Live Transcribing Simultaneous Phone Calls

April 22, 2020
Written by
Reviewed by

Live transcribing simultaneous phone calls

With Twilio Media Streams, you can extend the capabilities of your Twilio-powered voice application with real time access to the raw audio stream of phone calls.

This blog post follows on from my previous post that shows you how to get started with Twilio Media Streams and live transcription. If you haven’t set up a live call transcription before, I recommend working through that tutorial before moving on to this one. In this post we will scale our application to be able to handle multiple phone calls at the same time. We will be able to monitor the transcribed speech from multiple phone calls, live, in the browser, using Twilio and Google Speech-to-Text with Node.js.

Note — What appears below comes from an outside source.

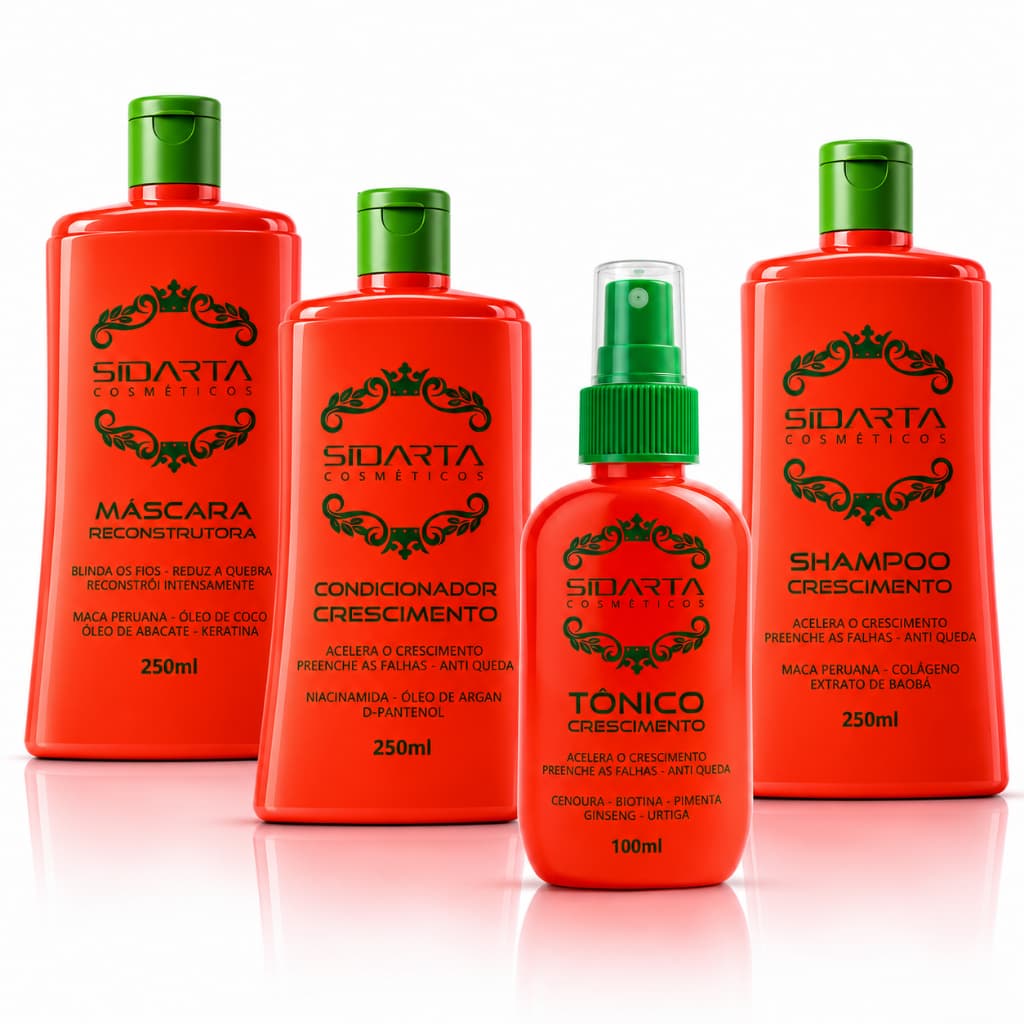 Kit Crescimento Capilar Sidarta 4X4 (CF)  – Tônico Capilar, Máscara Crescimento, Shampoo e Condicionador 250ML
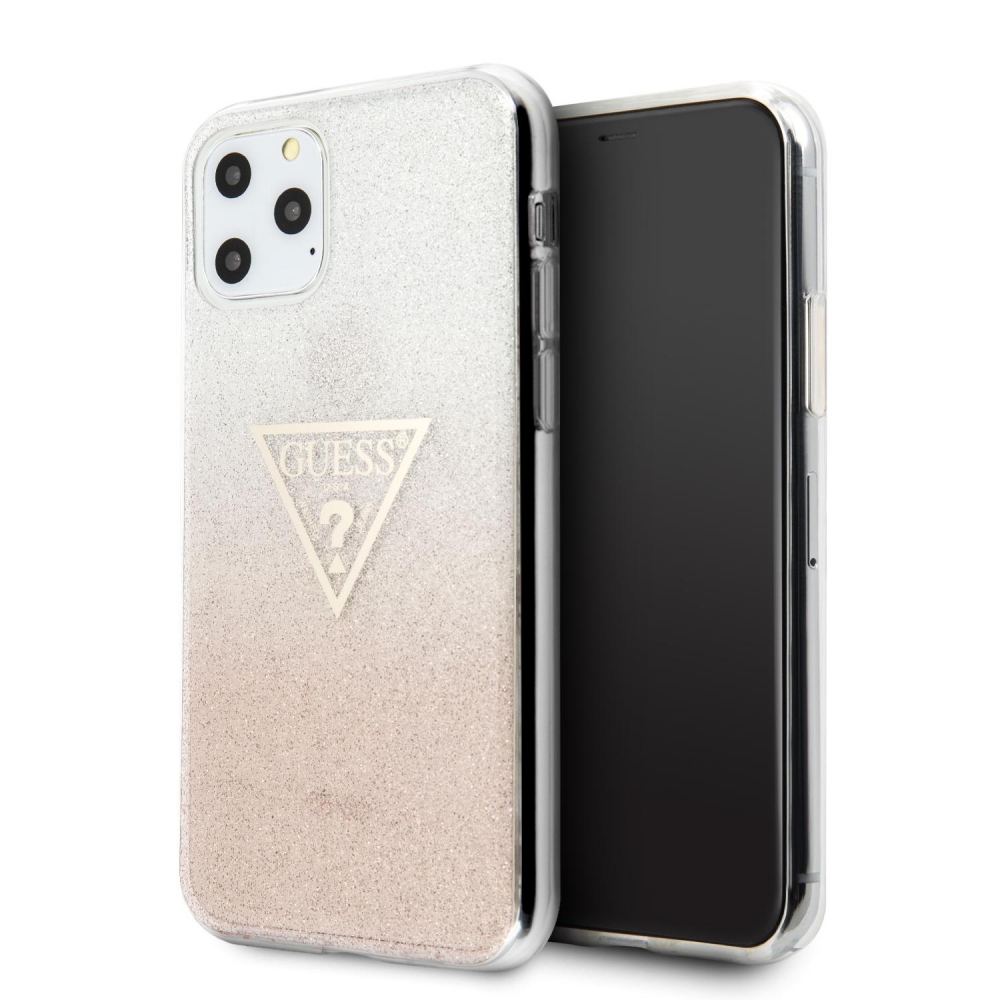 Guess Solid Glitter Case iPhone 11 Pro Max - Rose Gold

You can quickly spin up working code by cloning my GitHub Repository and following the ReadMe to get setup. If you’d like to see how to refactor your code to accommodate simultaneous calls, follow these steps.

Requirements

Before we can get started, you’ll need to make sure to have:

Recap

Let’s recap how our basic call transcription application works. This picks up from a previous post. You can find that working code here: Basic Transcription Application. Follow the README to get it working.

  1. Twilio number receives a call and Twilio makes a POST request to our web server
  2. Our express application responds with TwiML, instructing Twilio to stream the audio from the call to our websocket serve
  3. Our websocket server uses the Google Speech-to-Text API to transcribe the audio into text
  4. Finally our websocket server broadcasts the text to any browser clients that are connected and, like magic, words appear in our web browser

When we try to call our Twilio Number from more than one phone simultaneously you may notice that transcription text can get a bit confused. Let’s fix this.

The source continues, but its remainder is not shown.